September is the liminal space of my year.
It’s that almost-fall-but-yet-still-summer of the Mid-Atlantic. We have had days that soar into the 90s, yet mornings where I step outside for my walk and the air is almost chilly. The days are still long and bright but every morning it is a little darker when I wake up. The pools closed, but the other night we grabbed takeout at the park with friends and the splash pad was still on. It’s almost fall, but still summer.
They still like the playground for the moment. Maddie still begs to go on the swings and Etta wants to hit the slides, but Henry often brings his own agenda. It feels like the end of something that I didn’t even know was a thing, this era where I just announced a playground and everyone went happily. I had swimsuits in my bag and the girls just stripped on the spot to change into them and they are definitely getting too old to do that. All three of them are in the same school this fall, three lunch boxes lined up and three backpacks by the door. Maddie is the first of our kids to do preschool, but those thirdborns will not be left behind, so they trek out the door together, little kids with big backpacks. Old enough to learn and grow and be away but still young enough to not hesitate to shuck off clothes by a fountain and change into a swimsuit. They are almost aware, but still innocent.

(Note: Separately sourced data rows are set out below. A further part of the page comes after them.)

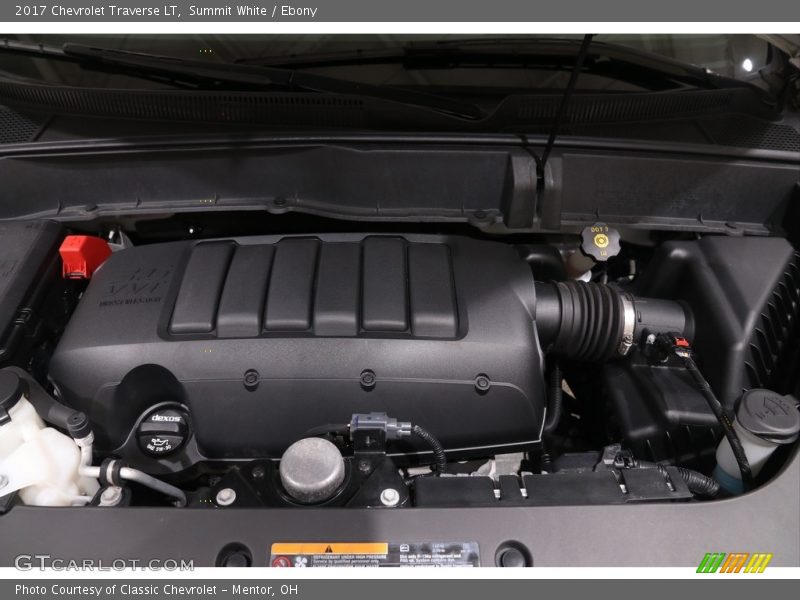 Summit White / Ebony 2017 Chevrolet Traverse LT
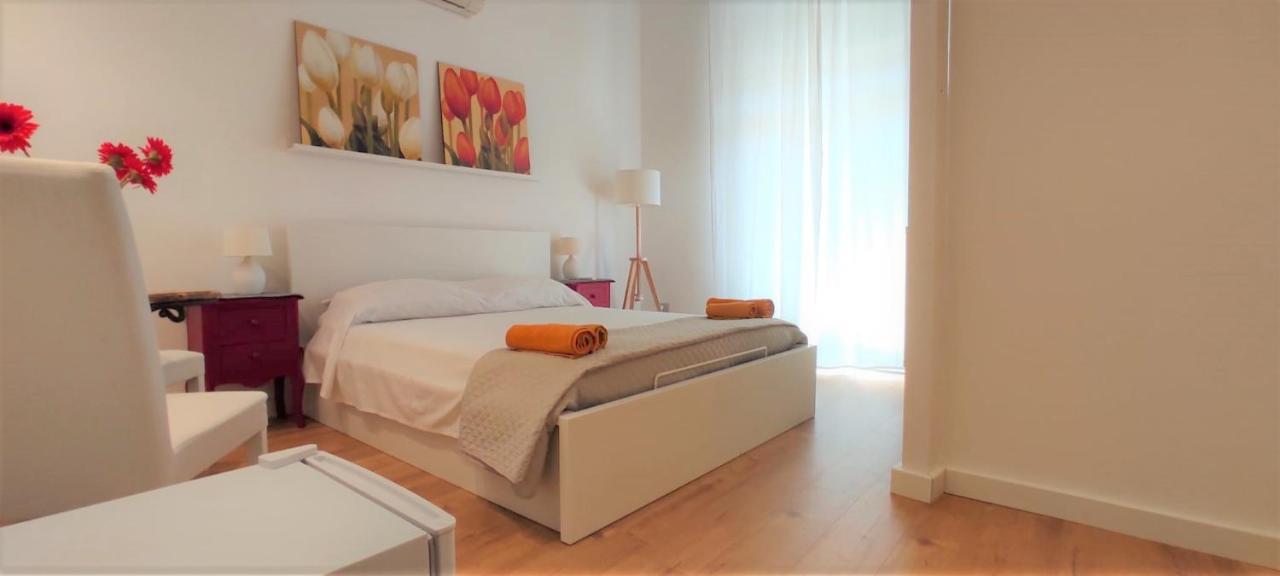 Living Cagliari Marina Bed & Breakfast Luaran gambar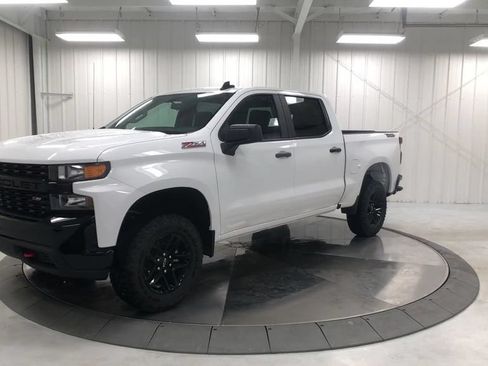 Used 2019 Chevrolet Silverado 1500 Custom Trail Boss w/ Infotainment Package AWD/4WD image 4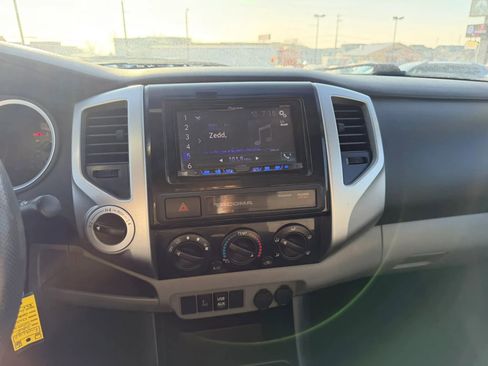 Used 2015 Toyota Tacoma 4x4 Double Cab image 19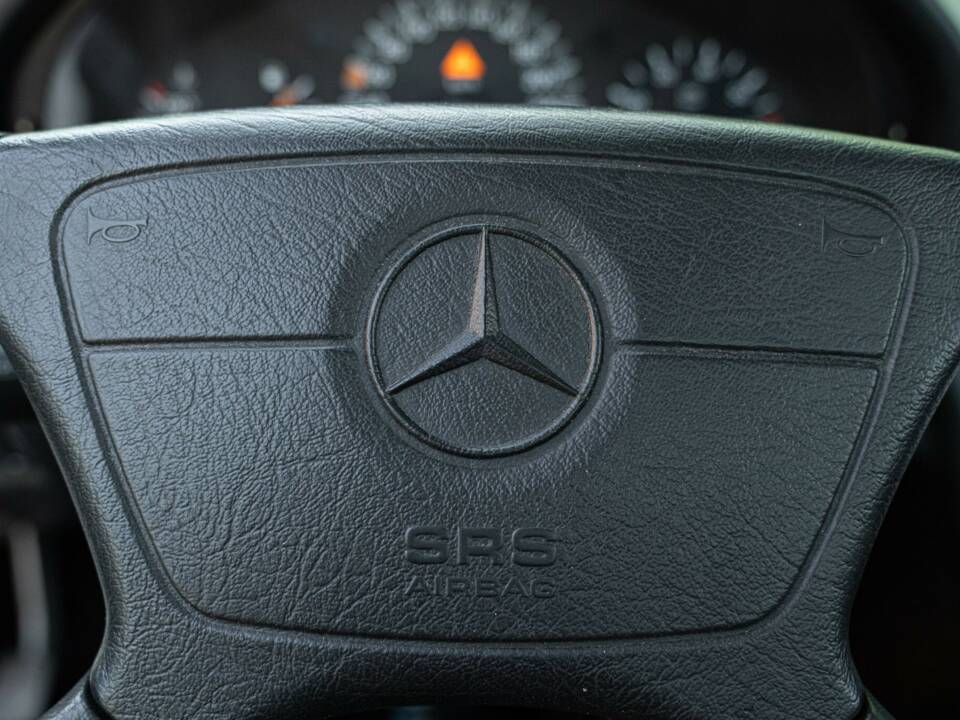 Immagine 37/50 di Mercedes-Benz C 200 Kompressor (1996)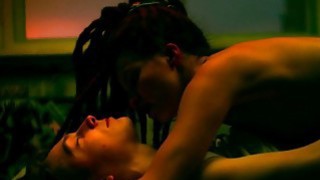 Anh nhân viên văn phòng đang dâm đãng thì bị em lao công nhìn thấy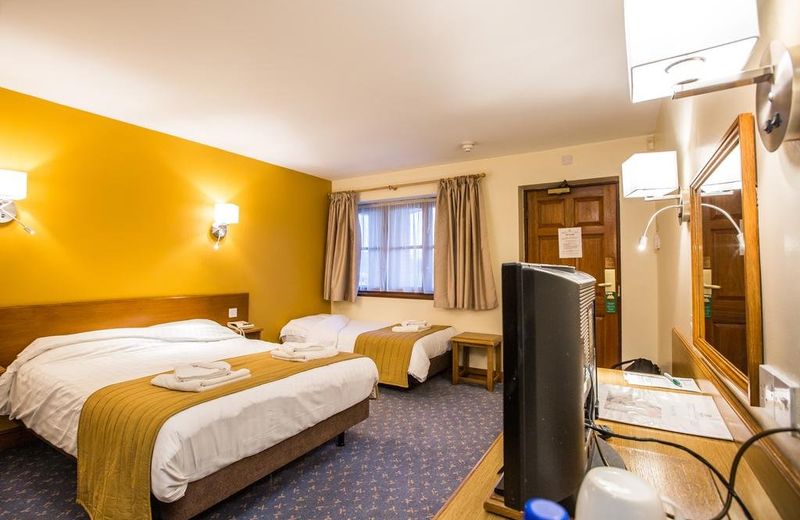 Tollgate Hotel & Leisure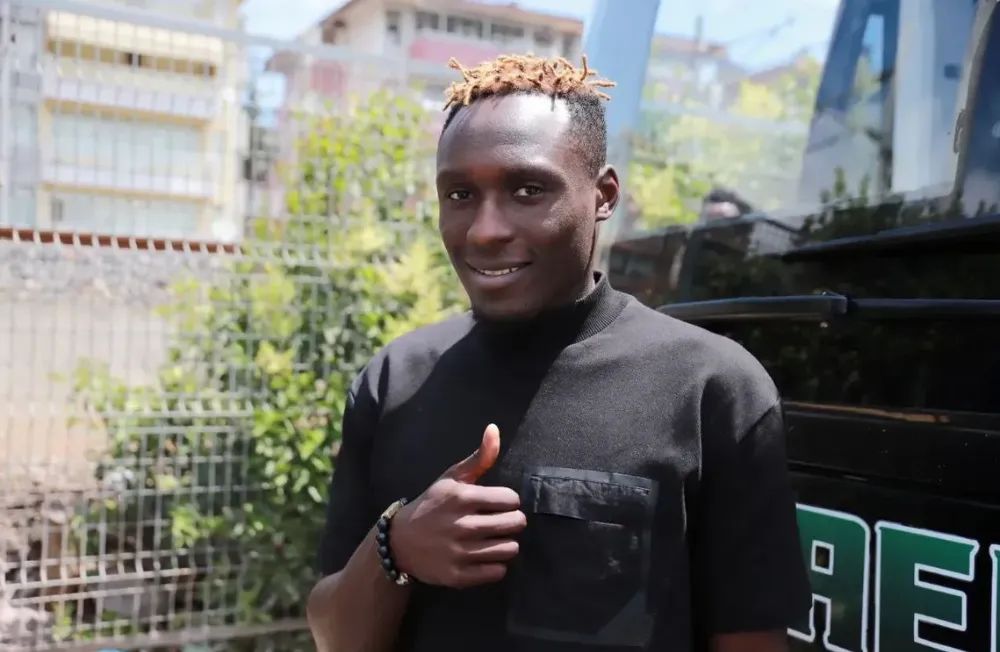 Agyei: Tutkulu bir taraftarımızın olduğunu gördüm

We took the crib apart around Labor Day and this means that this September for the first time since summer 2016, everyone goes to bed in a bed. The girls are in bunks and their room is a constant mess of dolls and plastic food, Henry’s across the hall strewn with Legos. I’ve never had to pack up the crib before. It’s always just trundled to a different room, a different baby, different sleepless nights and slow mornings. Now it’s disassembled against the wall in the study, obsolete. But I can’t bring myself to get rid of all the baby things yet. It’s almost time, but still I wonder.
Sometimes it surprises me when I try to pick them up. They are heavy and solid and big. They still all want me to cuddle at night, and I make the rounds from bed to bed, really wanting to finally be off the clock and also acutely aware that this is finite. I am still their person. But every year, more people become some of their people too. I took the first day of school photos after Labor Day and they look ginormous- these confident, happy kids. But I’ll take another picture in June and I know that their September selves will look so small. They are almost their own people, but still every bit mine.
I think it’s supposed to turn cooler this weekend, gusts of wind blowing us ever slowly out of the liminal space of September. It’s almost over, but not quite.